Staring at laptops adorned with stickers, sipping coffee, tapping their sneakers, the young people who gathered for a talk from a visiting technology journalist Thursday evening looked like they might be at Durham’s American Underground or some other entrepreneurial hub in the United States. They nodded when the host said “awesome” and “cool.” They laughed at a joke about Pokémon Go.
But they weren’t in Durham, much less Silicon Valley. They were in Chisinau, the capital of the Republic of Moldova, a country whose economy is struggling and whose people often voice skepticism about the possibility of making a change in the world.
Almost all in their 20s and 30s, they gathered to hear Andrii Degeler offer advice on how to promote their startup businesses to reporters. Degeler, a Ukrainian native who now lives in Amsterdam, reports on the Central and East European tech scene for The Next Web and publishes a newsletter about the region.

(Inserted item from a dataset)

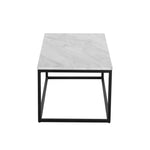 Industrial Style Marble Effect Rectangular Coffee Table - Furniture > Living Room > Coffee Tables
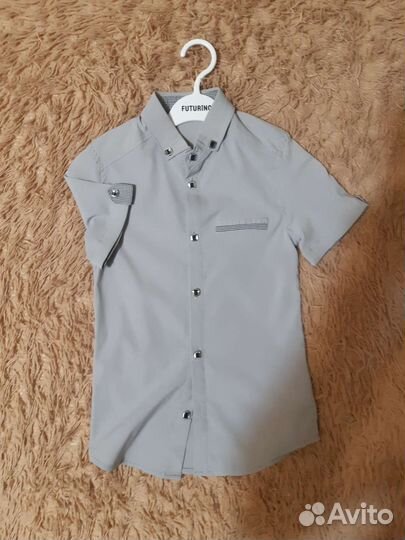 Рубашка на мальчика 122-128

“Salaries are much lower in Moldova,” he noted, saying this has the potential to provide “more freedom to experiment” to international companies that recruit Moldovan talent. The meeting’s host, Sergiu Matei, cautioned, however, that local entrepreneurs will succeed only if they are willing to fail, an idea familiar to U.S. startups but challenging in a post-Soviet nation where many people are risk-averse.
Matei joined Degeler on the stage, both in armchairs, one wearing shorts, the other a black T shirt. A projected slide behind them showed the event’s sponsors — local companies, media partners, the U.S. government and others.
Chisinau’s Dreamups Innovation Campus organized the event. Founded only in March, the group calls itself “a community where young entrepreneurs learn, share ideas and launch global companies.” It hosts networking events, pitching sessions and discussions with mentors. It runs a startup accelerator program and helps sponsor local events such as Startup Grind Chisinau. Its website features quotes from Steve Jobs, Mark Zuckerberg and others.
Matei, 29, helped launch several companies when he lived in California’s Bay Area, returning to Chisinau to be with his family and work with the local office of a London-based language translation company. He also wanted to “give back to my community” by sharing his expertise with young Moldovans interested in starting their own companies. About 3,000 people have already participated in Dreamups activities, he says.
Back when I was in Durham, I interacted with the thriving local startup scene, which I helped publicize through articles such as these. Durham’s entrepreneurs face many challenges but these now seem small compared to the ones in Moldova, where venture capital is scarce, collaborators are few and the entire system can seem stacked against a bright young person with a great idea. Yet here was an entire room of them on Thursday evening, determined to make an impact. It was impressive.
I hope to write again about Dreamups and some other programs here that are promoting innovation and entrepreneurship, especially among girls and women. Peace Corps is working with two of these, Diamond Vision and Technovation. If you’re interested in this topic, I hope you’ll share a comment or words of encouragement here with Sergiu and the others. I’m sure they’d appreciate it. Perhaps someone might even want to send them some stickers for their laptops? That would be cool, possibly even awesome.